NSW Premier Mr Wran was very critical of Queensland and Victoria, supported by the Federal Government, who agreed to the truckies' requests which forced NSW to accept the truckies' demands. He was also critical of the all 'nonsense' written by the media about the dispute. NSW Minister for Consumer Affairs Syd Einfeld said that he had taken steps to honour the Government's side of the agreement.

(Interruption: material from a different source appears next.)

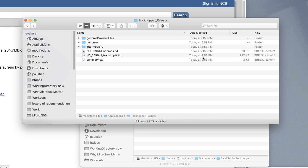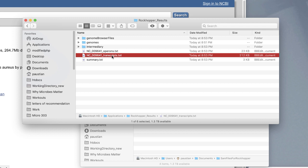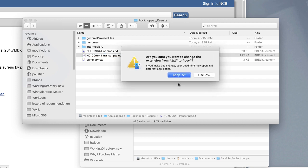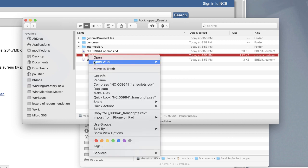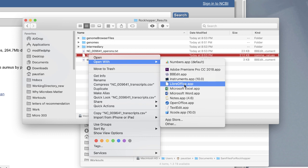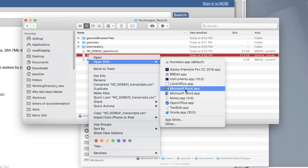They'll be labeled with a label that identifies when it's done — look at the time it was done, doing this at 8:53 PM. You want to open the transcripts file. But before you do that, let's change the extension. We're going to change it to comma-separated values. It's going to say are you really sure you want to do that — yes.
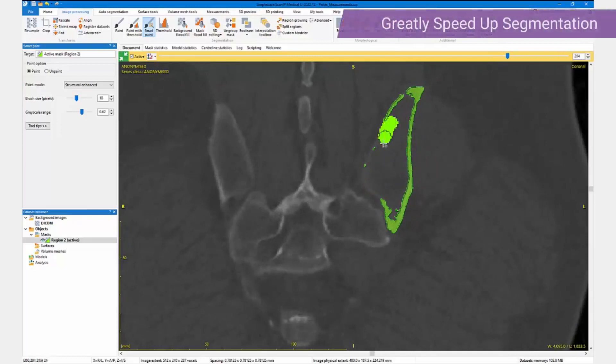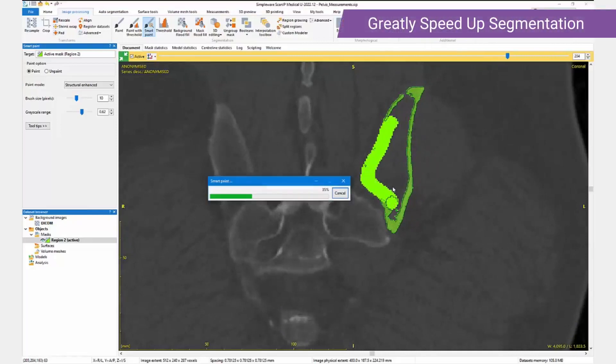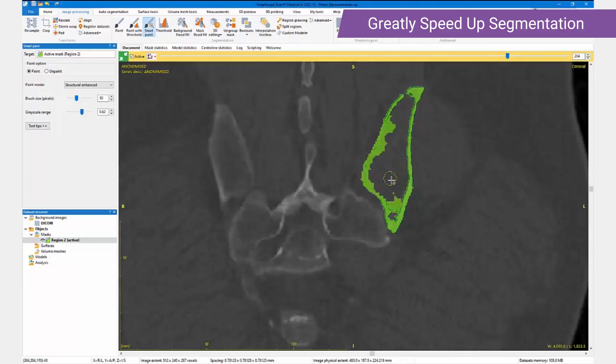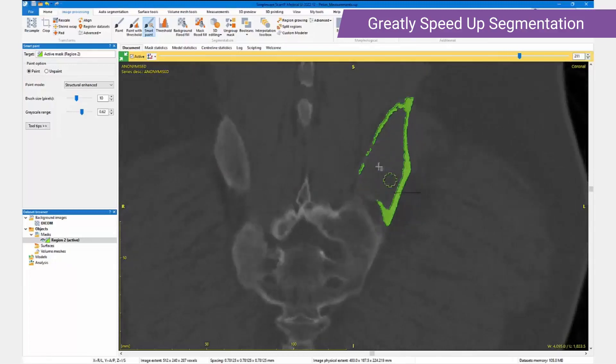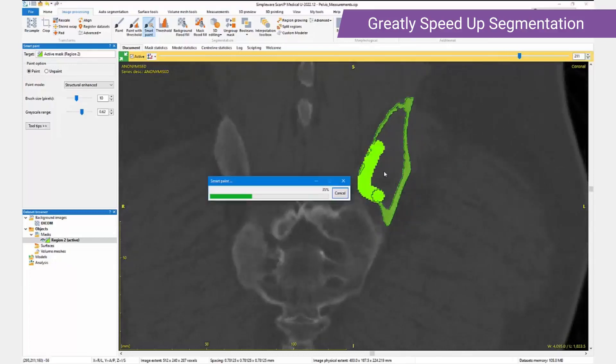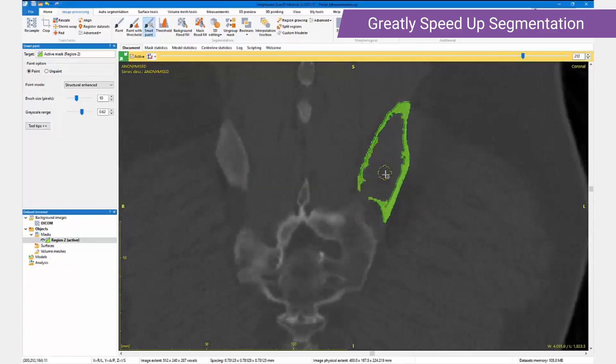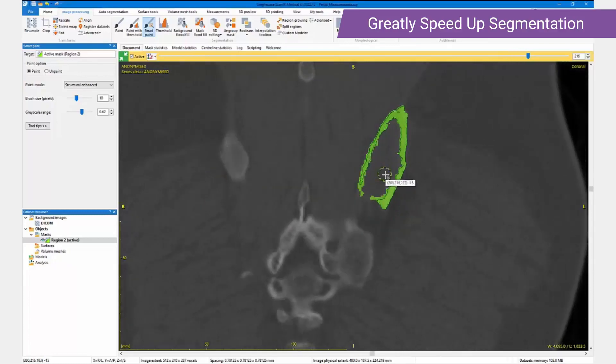As this is a three-dimensional paint brush, it dramatically speeds up the segmentation editing workflow, allowing the creation of a solid bone mask very quickly.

When the NSW Government removed the road tax because of the Razorback Blockade, it was estimated that they were set to lose $20 million per year. On 29 December the NSW Government quietly introduced a registration weight tax of $300, something that had been abolished in 1958, that was expected to net the government $6m per year. The tax was implemented from 1 January 1980, and the timing and quiet nature around the legislation caught the drivers' association off guard, and they were unable to implement any actions to counter it.